To niejedyne powody spadku dynamiki eksportu żywności. – Wzrósł popyt na nią w kraju, więc jej część zamiast za granicę trafiała do sklepów nad Wisłą – uważa Andrzej Kalicki, kierownik zespołu monitoringu zagranicznych rynków rolnych Fundacji Programu Pomocy dla Rolnictwa (FAMMU/FAPA). Nasza gospodarka się kręci, rodakom w kieszeniach zostaje więcej pieniędzy, kupują więc więcej i droższe produkty. A jeśli chodzi o producentów – to opłacalność eksportu obarczona jest pewnym ryzykiem, które spada, jeśli sprzedaje się w Polsce.
Jak szacuje prof. Krystyna Świetlik z Instytutu Ekonomiki Rolnictwa i Gospodarki Żywnościowej, w ubiegłym roku popyt na żywność wzrósł realnie w gospodarstwach domowych o 1,5 proc. po wielu latach spadku. – Z poziomu sprzedaży detalicznej wynika, że w podobnym tempie rośnie i w tym roku – twierdzi prof. Świetlik.
Najwięcej żywności sprzedajemy do krajów UE. W I kw. eksport do Wspólnoty wyniósł prawie 4,6 mld euro i był większy niż przed rokiem o 2,4 proc. A udział UE w całej naszej sprzedaży towarów rolno-spożywczych na rynkach zagranicznych zwiększył się z 79,9 proc. do 81,3 proc.

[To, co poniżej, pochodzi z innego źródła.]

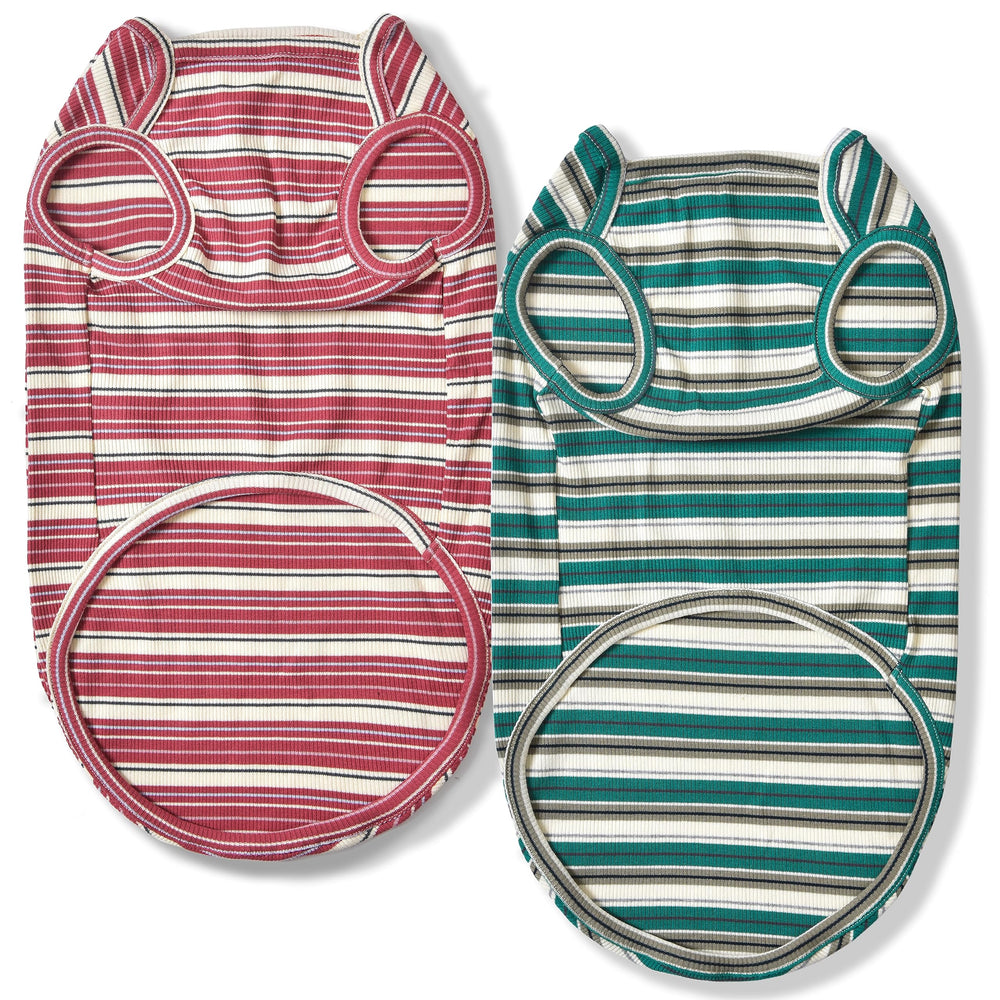 Knuffelen pine green and plum red dog shirts display vibrant color options.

Tradycyjnie najwięcej jedzenia z Polski trafiło do Niemiec. Wartość eksportu do tego kraju przekroczyła w I kw. 1,2 mld euro – to 22 proc. całej sprzedaży produktów rolno-spożywczych. Na drugim miejscu rankingu znalazła się Wielka Brytania. W pierwszych trzech miesiącach tego roku sprzedaliśmy na Wyspach żywność za 475 mln euro – o 11 proc. więcej niż przed rokiem. Trzecią pozycję zajęły Czechy z 410 mln euro – o 12,6 proc. więcej niż przed rokiem.
Utrzymał się natomiast spadek eksportu żywności do Rosji. Jego wartość była od stycznia do końca marca o ok. 10 proc. niższa niż przed rokiem. W rezultacie Rosja spadła z 14. na 17. miejsce. To oczywiście efekt embarga z 2014 r. na polskie produkty spożywcze – m.in. mięso, wyroby mleczarskie, owoce i warzywa.

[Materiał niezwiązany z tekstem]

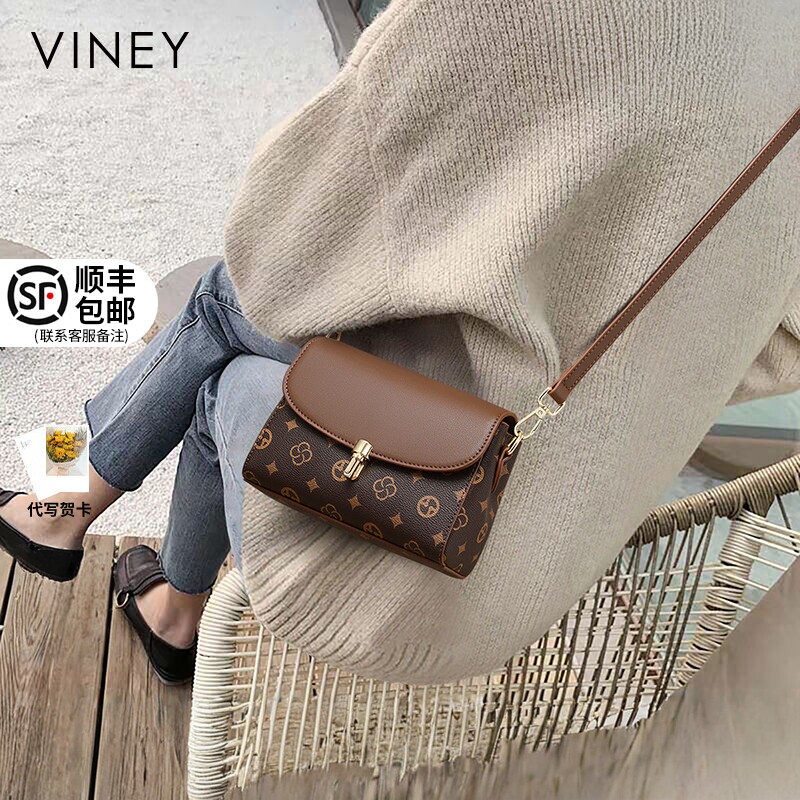Viney包包2025新款斜挎包女包单肩小包轻奢小众高级感秋冬小方包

Z powodu zawirowań politycznych i wojny z ISIS zmniejszył się także eksport naszej żywności do krajów afrykańskich, głównie Maroka (o 79 proc.), Kenii (o 47 proc.), Algierii (o 44 proc.), Egiptu (o 23 proc.). Także do Chin idzie mniej produktów spożywczych – o 13 proc. – a to z powodu spowolnienia tamtejszej gospodarki.
Mniej biorą także Francuzi (o 22 proc.) i Włosi (o 8 proc.).
Ale jest i dobra wiadomość: zdaniem analityków, po słabych wynikach z I kw., w następnych miesiącach eksport żywności przyspieszy. Dzięki osłabieniu złotego, co sprzyja opłacalności eksportu. – W dodatku globalne koncerny zainwestowały duże pieniądze w sektor rolno-spożywczy, co je dopinguje do zwiększania sprzedaży na rynkach światowych – twierdzi Kalicki. A że mają one swoje spółki rozsiane po wielu krajach, powinno być dobrze.
– Szacujemy, że w całym roku eksport produktów rolno-spożywczych zwiększy się średnio o 5 proc. – uważa Koleśnikow. Ostrożniejsi są analitycy Instytutu Ekonomiki Rolnictwa i Gospodarki Żywnościowej. Przewidują, że eksport wzrośnie o ponad 4 proc., do 24,6 mld euro. Jeśli sprawdzi się ta prognoza, pobity zostanie ubiegłoroczny rekord, kiedy to wysłaliśmy za granicę jedzenie warte 23,6 mld euro.